This task asks for the lines from the one with "Peugeot Traveller 2.0" to the final line below, repeated exactly, with pictures omitted.

» GIVEN DATA:
Content starts

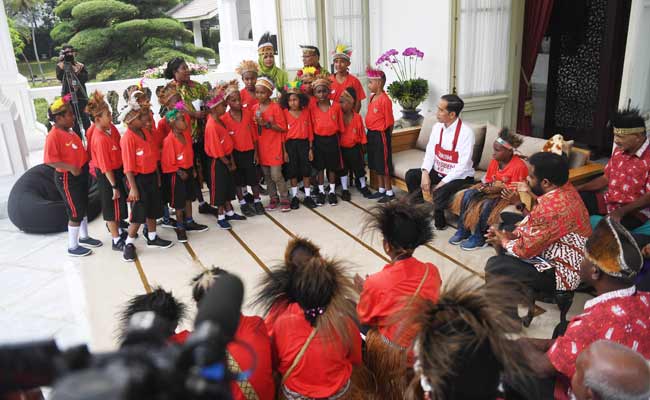  Kunjungan Anak-anak Papua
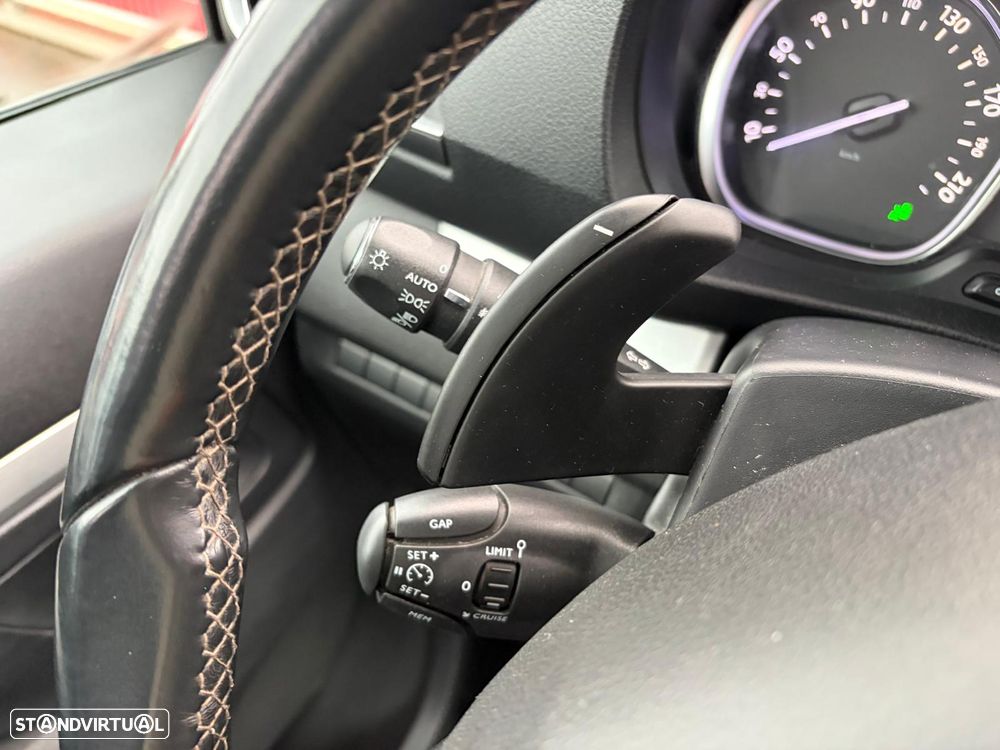 Peugeot Traveller 2.0 BlueHDi L1H1 Allure Compact EAT8 - 40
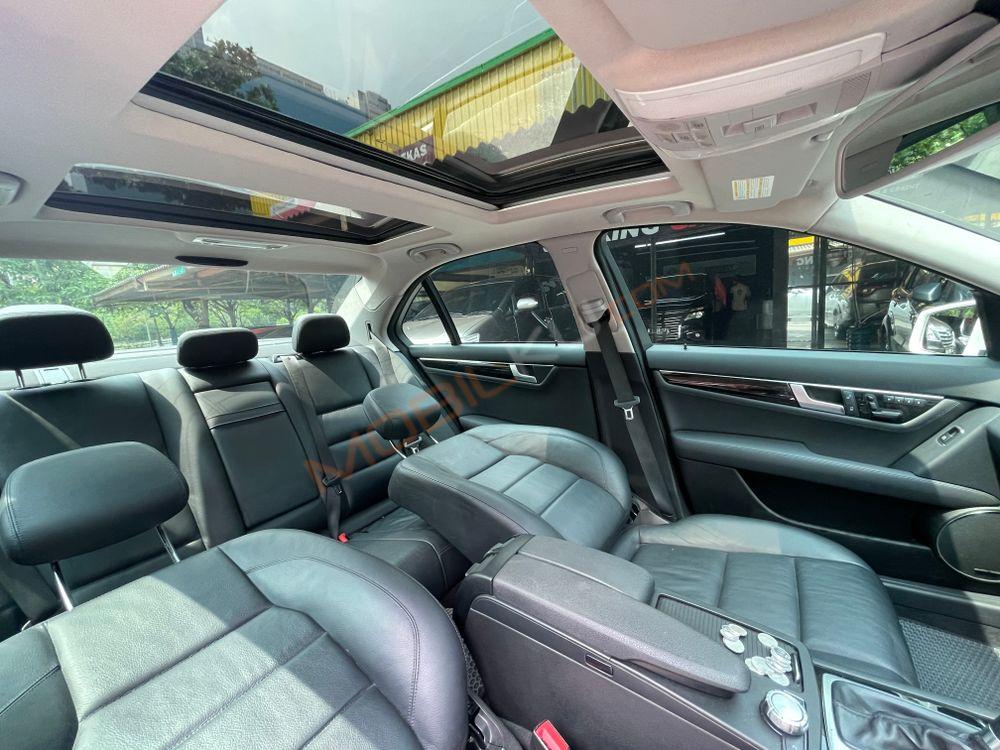 Mobil Mercedes-Benz C-Class 2013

Content ends

» TASK RESULT:
 Peugeot Traveller 2.0 BlueHDi L1H1 Allure Compact EAT8 - 40
 Mobil Mercedes-Benz C-Class 2013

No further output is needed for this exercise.